■ Task brief:
Leaving out all images, return the entries below exactly.

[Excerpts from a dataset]
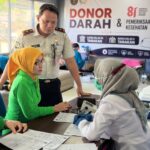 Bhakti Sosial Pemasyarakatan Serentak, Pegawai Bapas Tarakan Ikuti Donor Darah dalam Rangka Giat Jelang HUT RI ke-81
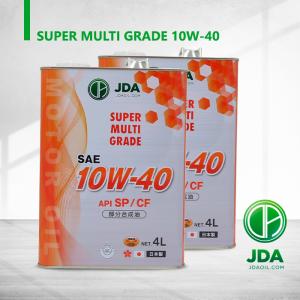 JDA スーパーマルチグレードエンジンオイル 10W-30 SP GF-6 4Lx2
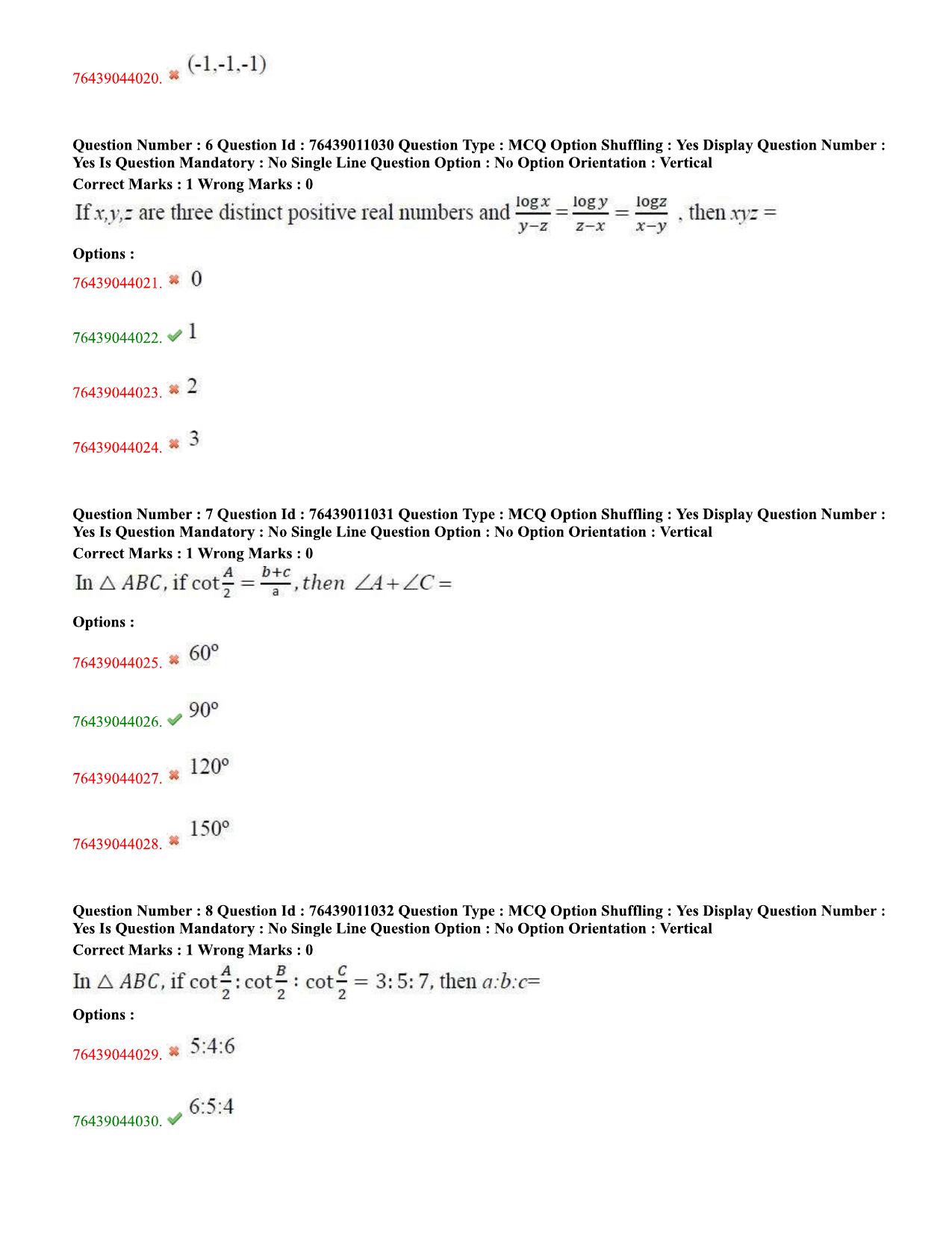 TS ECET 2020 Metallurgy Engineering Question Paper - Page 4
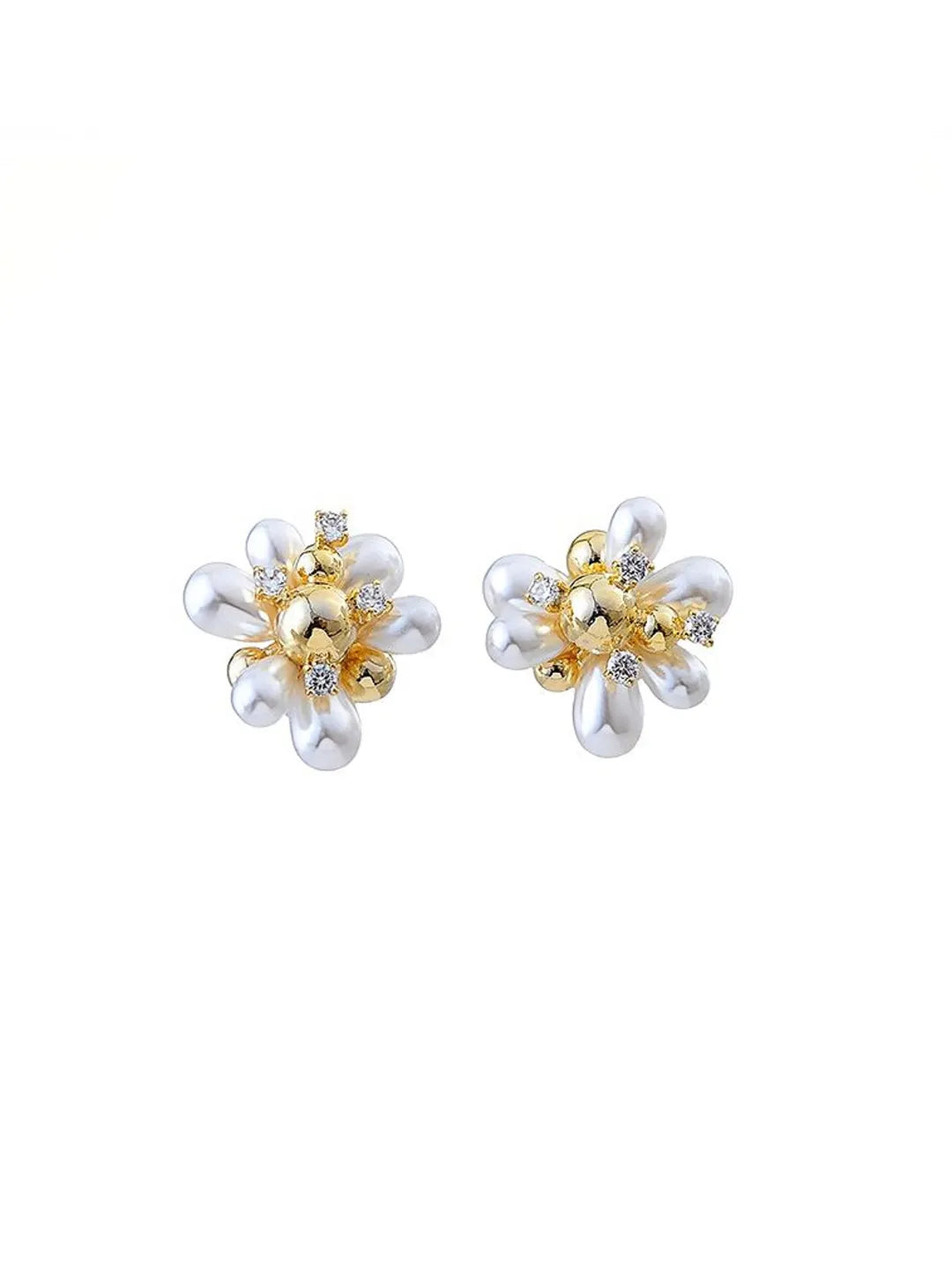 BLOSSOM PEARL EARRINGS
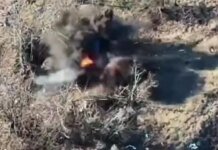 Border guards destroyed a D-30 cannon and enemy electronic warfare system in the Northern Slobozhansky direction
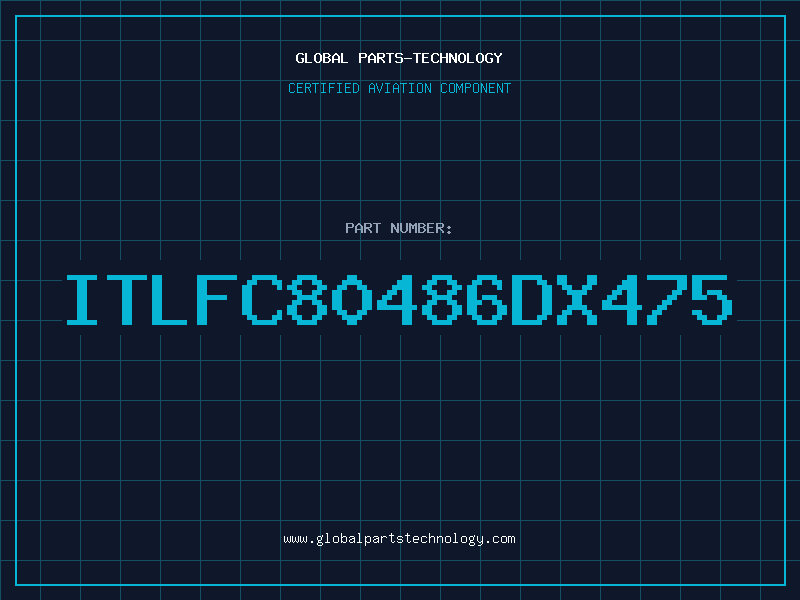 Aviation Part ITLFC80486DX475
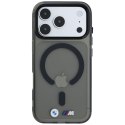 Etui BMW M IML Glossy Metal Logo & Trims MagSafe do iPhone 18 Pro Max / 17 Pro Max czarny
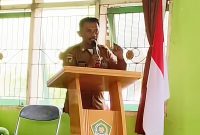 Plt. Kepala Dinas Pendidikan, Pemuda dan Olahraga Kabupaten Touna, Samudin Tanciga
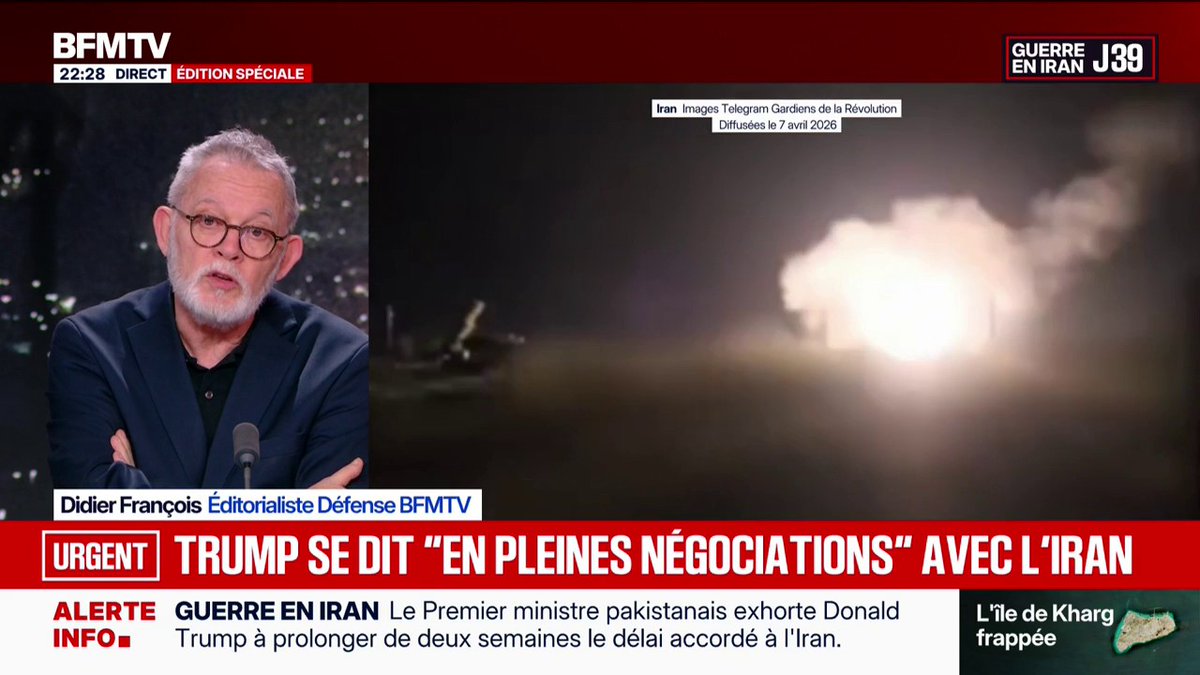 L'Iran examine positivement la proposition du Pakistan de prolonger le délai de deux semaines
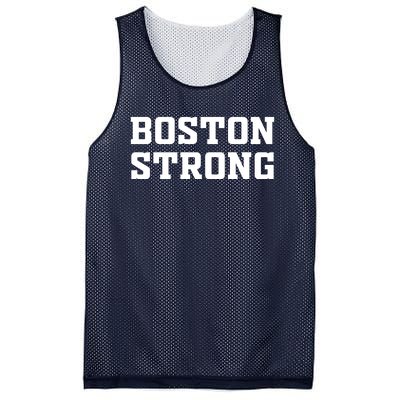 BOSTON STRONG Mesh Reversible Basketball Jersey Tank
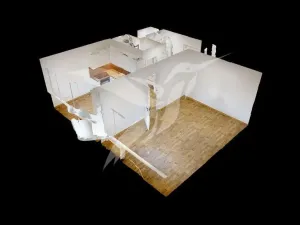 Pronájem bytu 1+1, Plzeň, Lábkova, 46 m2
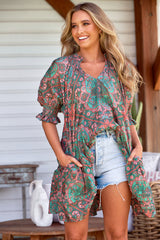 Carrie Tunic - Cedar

■ Answer space:
 Bhakti Sosial Pemasyarakatan Serentak, Pegawai Bapas Tarakan Ikuti Donor Darah dalam Rangka Giat Jelang HUT RI ke-81
 JDA スーパーマルチグレードエンジンオイル 10W-30 SP GF-6 4Lx2
 TS ECET 2020 Metallurgy Engineering Question Paper - Page 4
 BLOSSOM PEARL EARRINGS
 Border guards destroyed a D-30 cannon and enemy electronic warfare system in the Northern Slobozhansky direction
 Aviation Part ITLFC80486DX475
 Etui BMW M IML Glossy Metal Logo & Trims MagSafe do iPhone 18 Pro Max / 17 Pro Max czarny
 Plt. Kepala Dinas Pendidikan, Pemuda dan Olahraga Kabupaten Touna, Samudin Tanciga
 L'Iran examine positivement la proposition du Pakistan de prolonger le délai de deux semaines
 BOSTON STRONG Mesh Reversible Basketball Jersey Tank
 Pronájem bytu 1+1, Plzeň, Lábkova, 46 m2
 Carrie Tunic - Cedar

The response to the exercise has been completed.